A proposal by councilman Bryan Callahan to cut three golf course managers’ salaries from the municipal golf course’s budget in order to save money has been rejected by the city council. Callahan said his goal was not to shut down the golf course, but to “light a fire” under his push to lease the golf course.
Bethlehem (Pa.) City Council on December 11 rejected a motion to cut out of the budget the salaries of three golf course managers, a proposal city officials said would have effectively shut down the popular Bethlehem Golf Club next year, the Lehigh Valley, Pa., Morning Call reported.
Councilman Bryan Callahan, who offered the amendment to reduce the golf budget by $201,000, said his goal was not to shutdown the 61-year-old course but to “light a fire” under his push to lease the golf course, the Morning Call reported.
Callahan argued that the city in January could draw up request proposals for a private operator to take over the enterprise, which has been running small deficits for eight years, and lease it to a professional management operation. The new operator, he argued, would pay for hundreds of thousands of dollars to repair the sand traps, parking lots and other costly projects instead of the city taxpayers, the Morning Call reported.
The city already has a template for the lease, Callahan said, with the lease for the Clubhouse Grille, the golf course restaurant that the city owns but leases to a private operator, the Morning Call reported.
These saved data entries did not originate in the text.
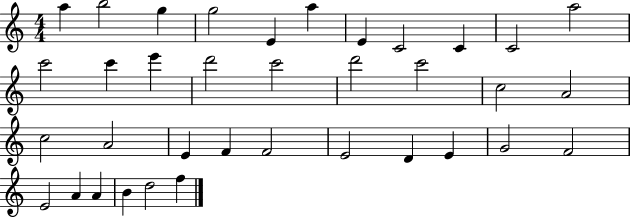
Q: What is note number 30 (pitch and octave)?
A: F4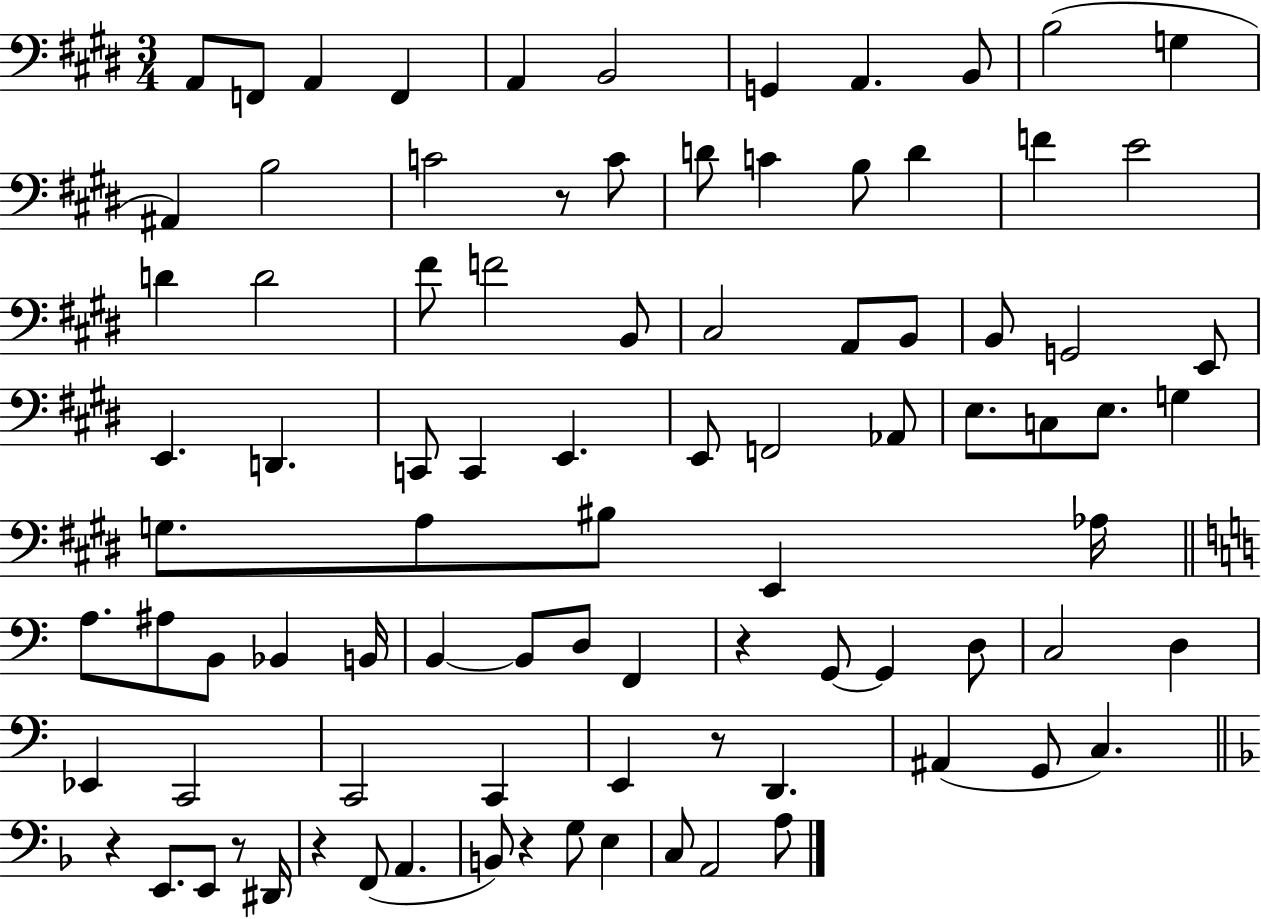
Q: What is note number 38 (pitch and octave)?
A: E2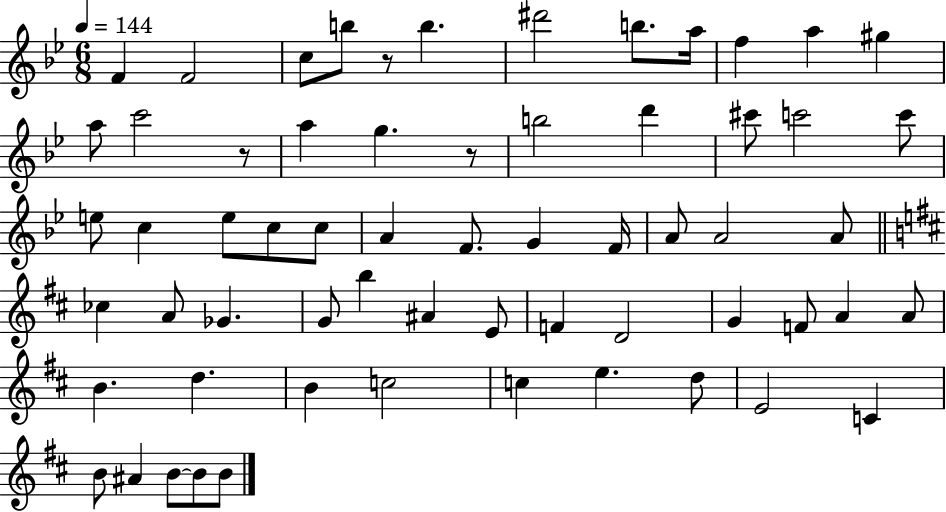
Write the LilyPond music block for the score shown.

{
  \clef treble
  \numericTimeSignature
  \time 6/8
  \key bes \major
  \tempo 4 = 144
  f'4 f'2 | c''8 b''8 r8 b''4. | dis'''2 b''8. a''16 | f''4 a''4 gis''4 | \break a''8 c'''2 r8 | a''4 g''4. r8 | b''2 d'''4 | cis'''8 c'''2 c'''8 | \break e''8 c''4 e''8 c''8 c''8 | a'4 f'8. g'4 f'16 | a'8 a'2 a'8 | \bar "||" \break \key b \minor ces''4 a'8 ges'4. | g'8 b''4 ais'4 e'8 | f'4 d'2 | g'4 f'8 a'4 a'8 | \break b'4. d''4. | b'4 c''2 | c''4 e''4. d''8 | e'2 c'4 | \break b'8 ais'4 b'8~~ b'8 b'8 | \bar "|."
}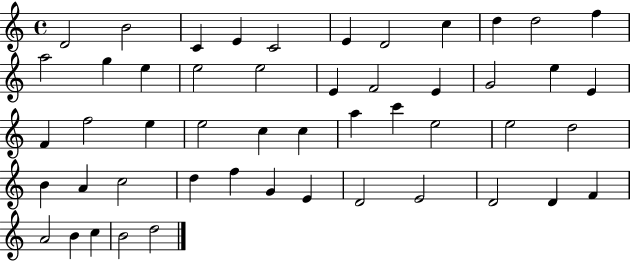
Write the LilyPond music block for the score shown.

{
  \clef treble
  \time 4/4
  \defaultTimeSignature
  \key c \major
  d'2 b'2 | c'4 e'4 c'2 | e'4 d'2 c''4 | d''4 d''2 f''4 | \break a''2 g''4 e''4 | e''2 e''2 | e'4 f'2 e'4 | g'2 e''4 e'4 | \break f'4 f''2 e''4 | e''2 c''4 c''4 | a''4 c'''4 e''2 | e''2 d''2 | \break b'4 a'4 c''2 | d''4 f''4 g'4 e'4 | d'2 e'2 | d'2 d'4 f'4 | \break a'2 b'4 c''4 | b'2 d''2 | \bar "|."
}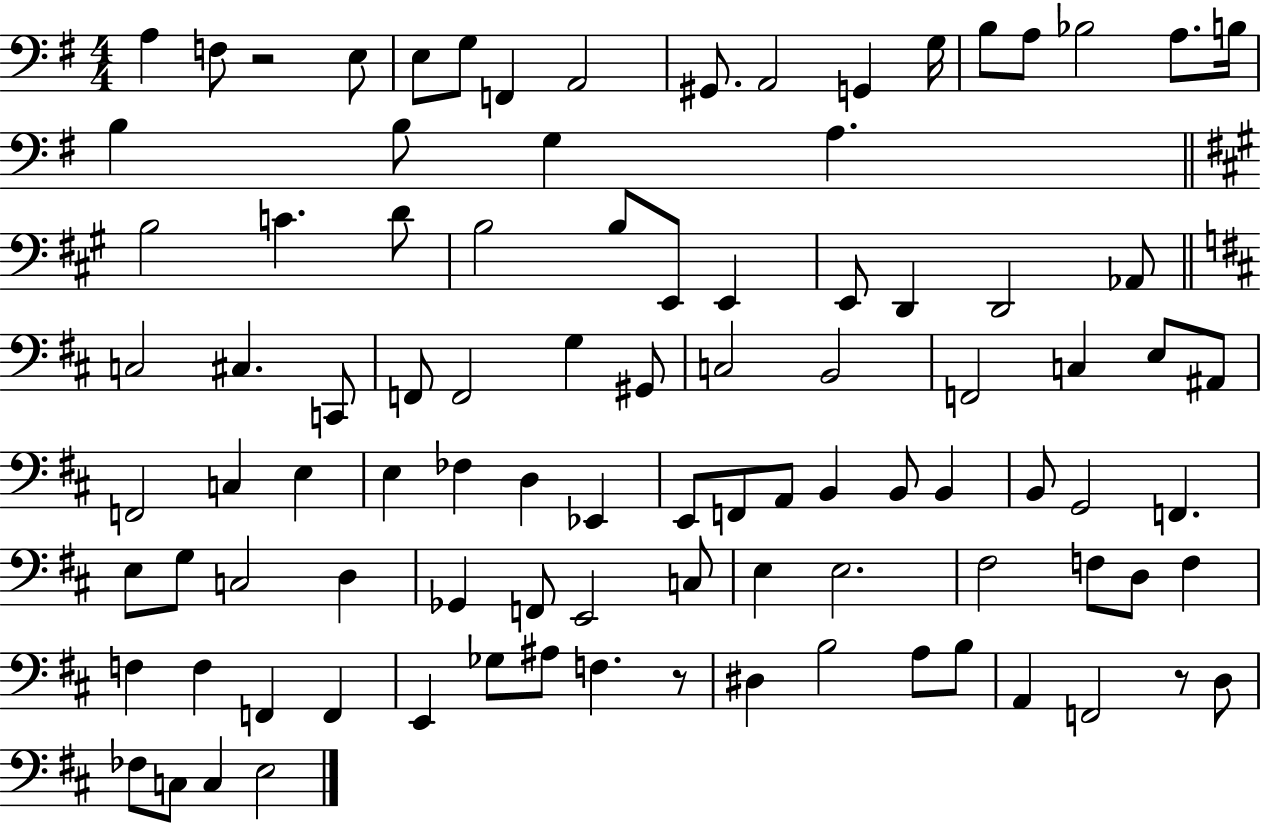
X:1
T:Untitled
M:4/4
L:1/4
K:G
A, F,/2 z2 E,/2 E,/2 G,/2 F,, A,,2 ^G,,/2 A,,2 G,, G,/4 B,/2 A,/2 _B,2 A,/2 B,/4 B, B,/2 G, A, B,2 C D/2 B,2 B,/2 E,,/2 E,, E,,/2 D,, D,,2 _A,,/2 C,2 ^C, C,,/2 F,,/2 F,,2 G, ^G,,/2 C,2 B,,2 F,,2 C, E,/2 ^A,,/2 F,,2 C, E, E, _F, D, _E,, E,,/2 F,,/2 A,,/2 B,, B,,/2 B,, B,,/2 G,,2 F,, E,/2 G,/2 C,2 D, _G,, F,,/2 E,,2 C,/2 E, E,2 ^F,2 F,/2 D,/2 F, F, F, F,, F,, E,, _G,/2 ^A,/2 F, z/2 ^D, B,2 A,/2 B,/2 A,, F,,2 z/2 D,/2 _F,/2 C,/2 C, E,2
But Business Administrator Dave Brong said Callahan was “grossly oversimplifying a very complex business situation.” The process could not take place before the start of golf season, Brong said. There would have to be technical reviews, an appraisal and more. In addition, Brong said, it would make sense to bundle the leases with the lease to the restaurant. That lease is up at the end of next year, the Morning Call reported.
“It’s probably the only way that this thing financially works is if you bundle those two,” Brong said. “Otherwise, it’s a loser.”
The administration wants time to see if the city could turn the golf operations around without an outside operator, Brong said. The golf course, which Brong said comes close to making its direct expenses, hadn’t been a priority as the city focused on more costly challenges to the city’s financial health. The areas the city focused on, Brong said, helped the city beef up its surpluses which resulted in better bond ratings, the Morning Call reported.
Councilman Eric Evans, who held a meeting about the golf course, rejected Callahan’s motion because of the timing but agreed that the issue should stay “at the forefront.” Evans said the course is a popular one but the revenue can’t cover the cost of running it let alone build up a savings for costly repairs, the Morning Call reported.
Evans would like the city to make its evaluation by June about whether it can make the necessary changes. “If not, it’s time to move forward and get those appraisals,” Evans said.
Mayor Robert Donchez’s administration had proposed spending $550,000 in recreational fees to make some initial repairs at the golf course. Donchez asked the council to defund that request after hearing some council members’ concerns about investing that money before the city develops a plan for the future operation of the course, the Morning Call reported.
Callahan said he doesn’t want to see the city foot the cost of those repairs for golfers, many of whom live outside the city. “There’s no question that it’s going to take at minimum $1.5 to $2 million of taxpayer money to put in that golf course,” Callahan said.
Brong rejected any repair estimates without an analysis. “We seem to be throwing out numbers without knowing how much it’s going to cost out there like Chiclets, and we don’t know. That’s the bottom line,” Brong said.
Later in the council meeting, Callahan said he’s sought out estimates from public works director Michael Alkhal and others in the city about how much repairs could cost. Council is scheduled December 19 to adopt the budget, the Morning Call reported.